# spare donuts for front racing wheels?



## banshee (Jun 7, 2006)

it may be a stupid question, but does anyone know if the GTO donuts can handle the track? I've been looking for front racing wheels and can't find any. I figured I could buy another spare and put some z-rated tires on them.


----------



## BT802 (Aug 2, 2008)

If you replace the temporary tires like you're planning on doing you shouldnt have a problem. I have a friend who ran them at the track for 3 years. He had the temp. stuff shaved off the side, painted them silver and put motorcycle tires on them.


----------



## Rukee (Feb 8, 2007)

I don`t think you could get big enough tires on them, could you? Isn`t the spare rim like 4" wide or somethin?


----------



## Chrisco (Mar 19, 2007)

Rukee said:


> I don`t think you could get big enough tires on them, could you? Isn`t the spare rim like 4" wide or somethin?
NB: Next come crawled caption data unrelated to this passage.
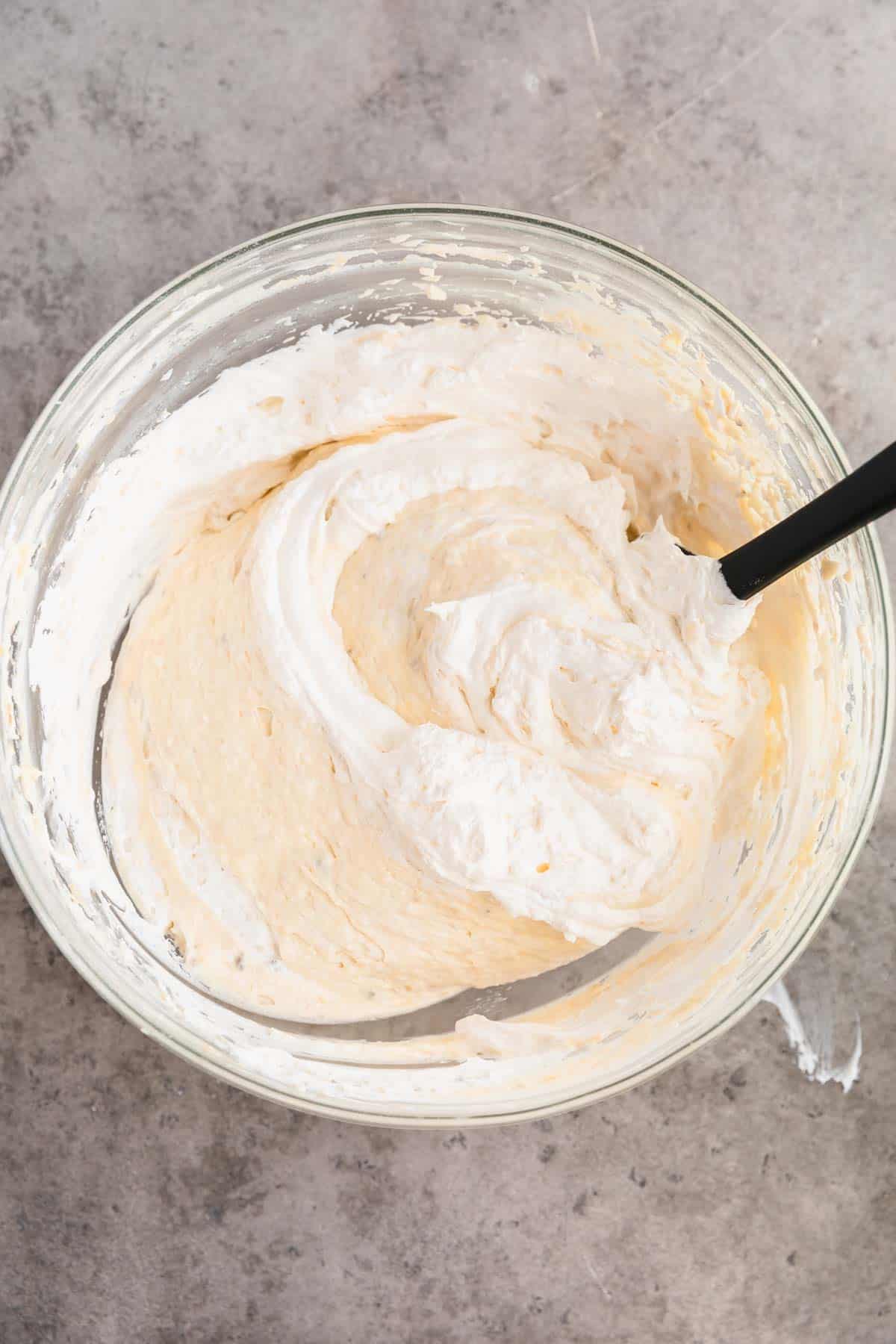 Cooked bananas and whipped cream added to banana pudding mixture. 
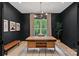 Stylish home office with dark walls, a large wooden desk, and ample natural light at 9564 Regent Dr, Davidson, NC 28036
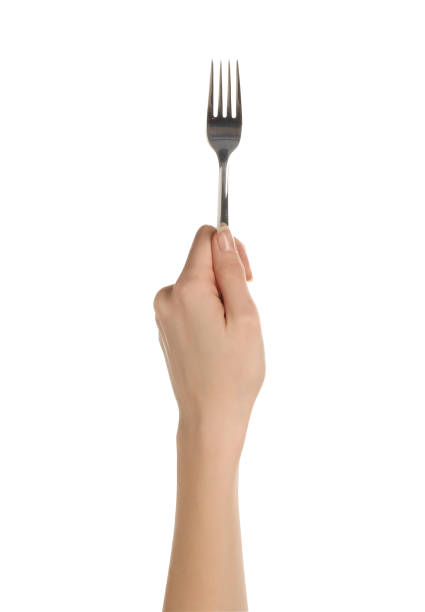 istock Woman holding clean fork on white background, closeup 1812001564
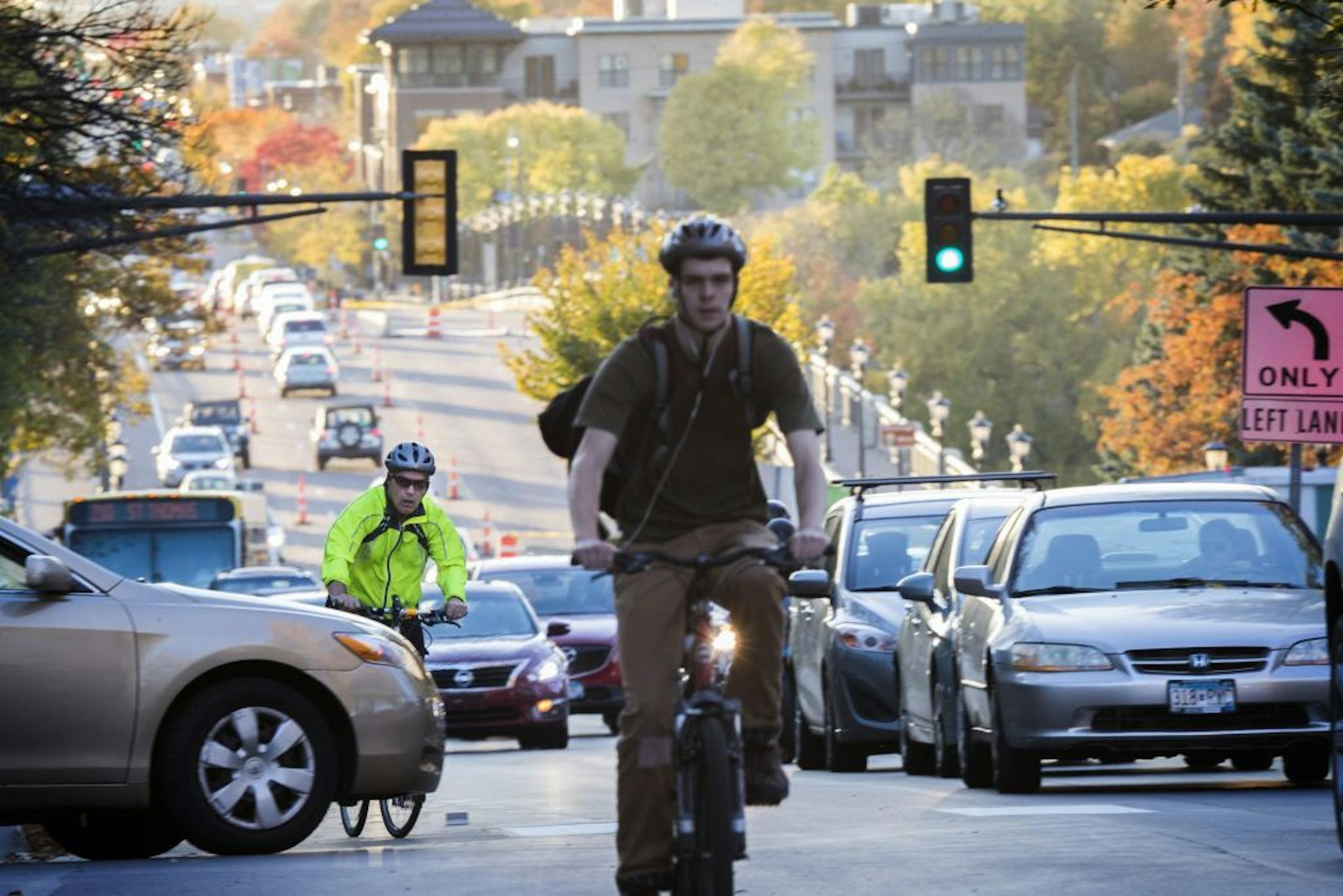 Cyclists and traffic move up Marshall Avenue eastbound in St. Paul during rush hour.
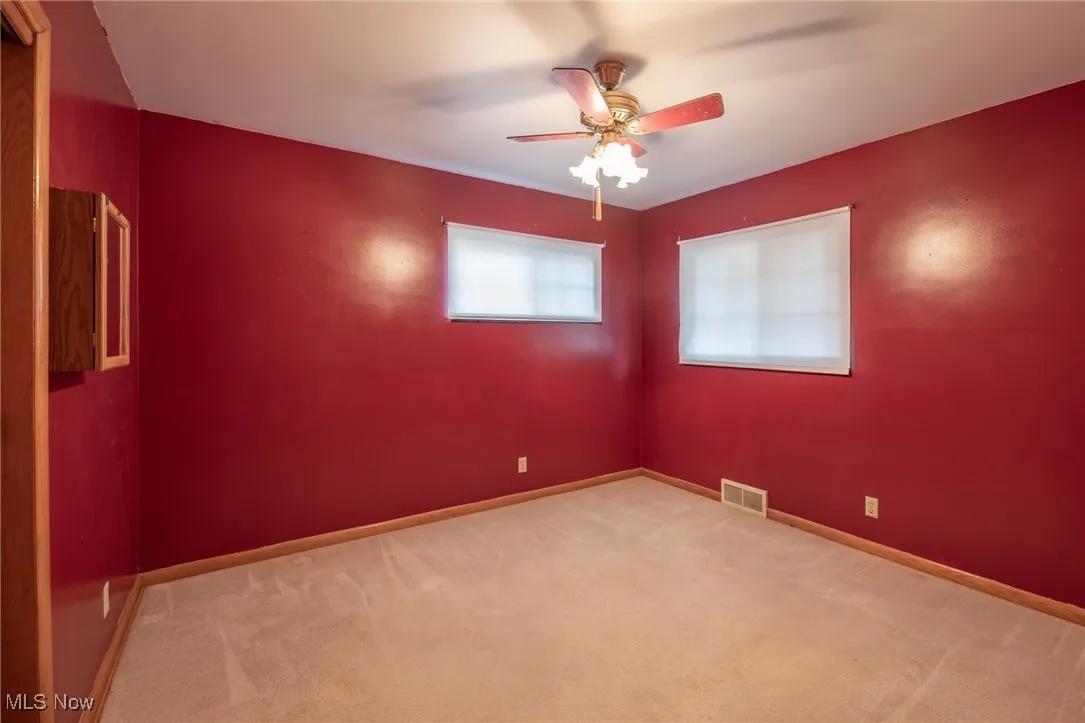 Empty room with carpet and a ceiling fan
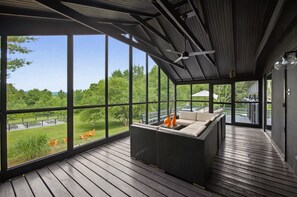 Un área de estar al aire libre techada con sofá y sillas, ventanas amplias y ventilador de techo.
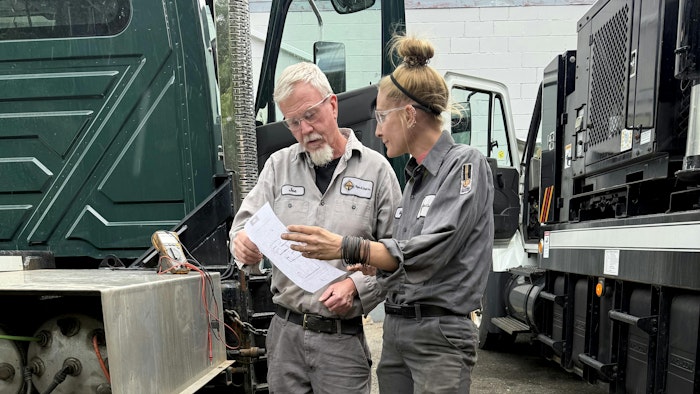 Missy Albin works with mentor Joe Dougherty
Naw, like stated above you could get a motorcycle tire on there easily.


----------



## banshee (Jun 7, 2006)

Thanks. I think I'll go with the motorcycle tire. Any idea on the difference in weight? My cars in the shop so I don't have the tires to weigh.


----------



## tomcat (Jul 26, 2008)

m&h race master front runner 17 inch skinny
not sure if i would trust a motorcycle tire with the weight of a gto


----------



## Rukee (Feb 8, 2007)

:agree
Specially on the other end when your on the brakes hard.


----------



## Chrisco (Mar 19, 2007)

tomcat said:


> m&h race master front runner 17 inch skinny
> not sure if i would trust a motorcycle tire with the weight of a gto


VERY good point.


----------